*Provided entries*.
::::

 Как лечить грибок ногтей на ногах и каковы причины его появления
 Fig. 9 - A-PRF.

::::

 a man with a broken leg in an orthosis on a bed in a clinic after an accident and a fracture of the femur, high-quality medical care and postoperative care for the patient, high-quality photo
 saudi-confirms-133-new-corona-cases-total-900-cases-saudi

::::

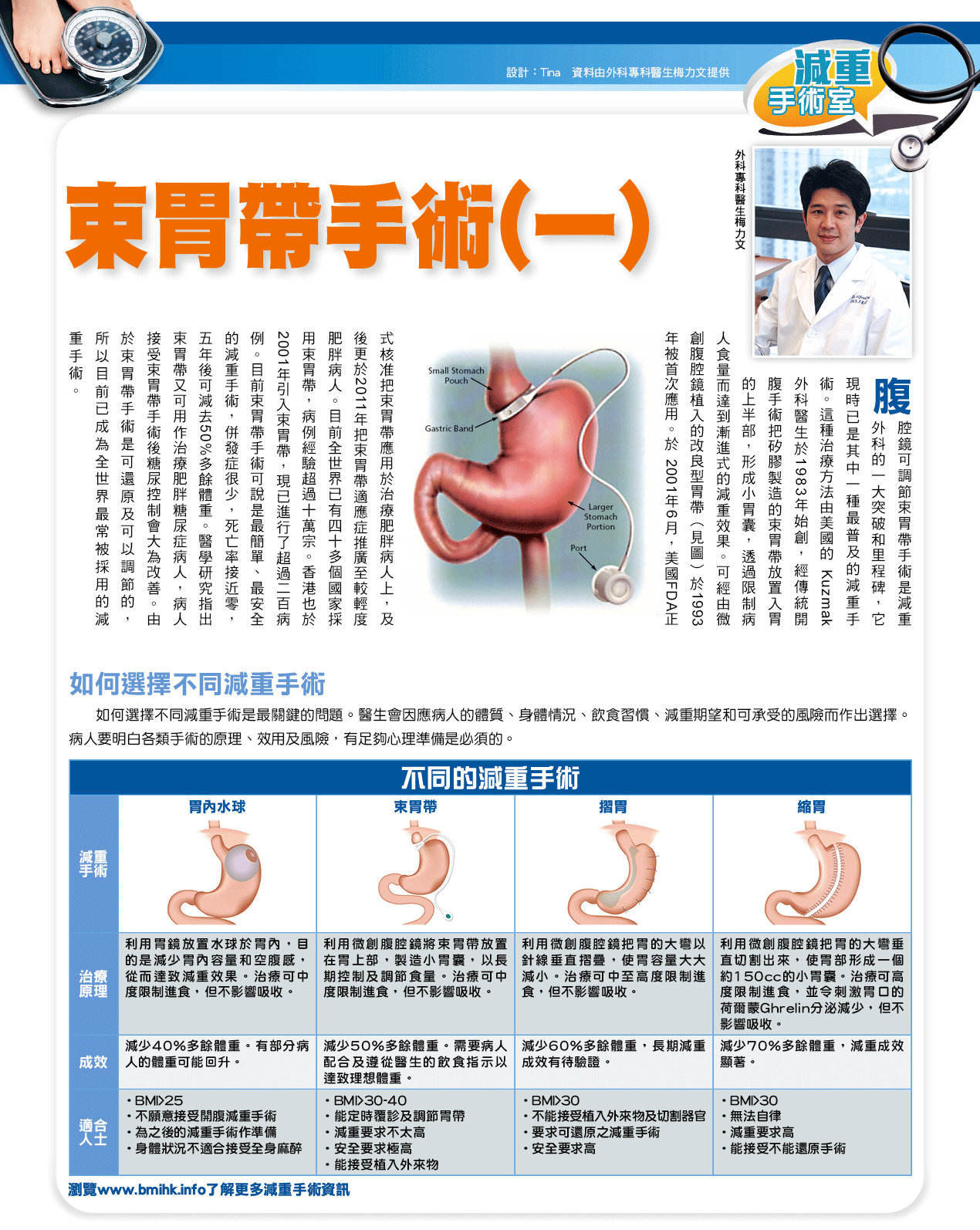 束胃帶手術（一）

::::

*About this exercise*. In the entries above, find the line with "a man with a" and the line with "saudi-confirms-133-new-corona-cases-total-900-cases-saudi", then restate word for word both of them and every line between, with nothing more.

*Response below*.
 a man with a broken leg in an orthosis on a bed in a clinic after an accident and a fracture of the femur, high-quality medical care and postoperative care for the patient, high-quality photo
 saudi-confirms-133-new-corona-cases-total-900-cases-saudi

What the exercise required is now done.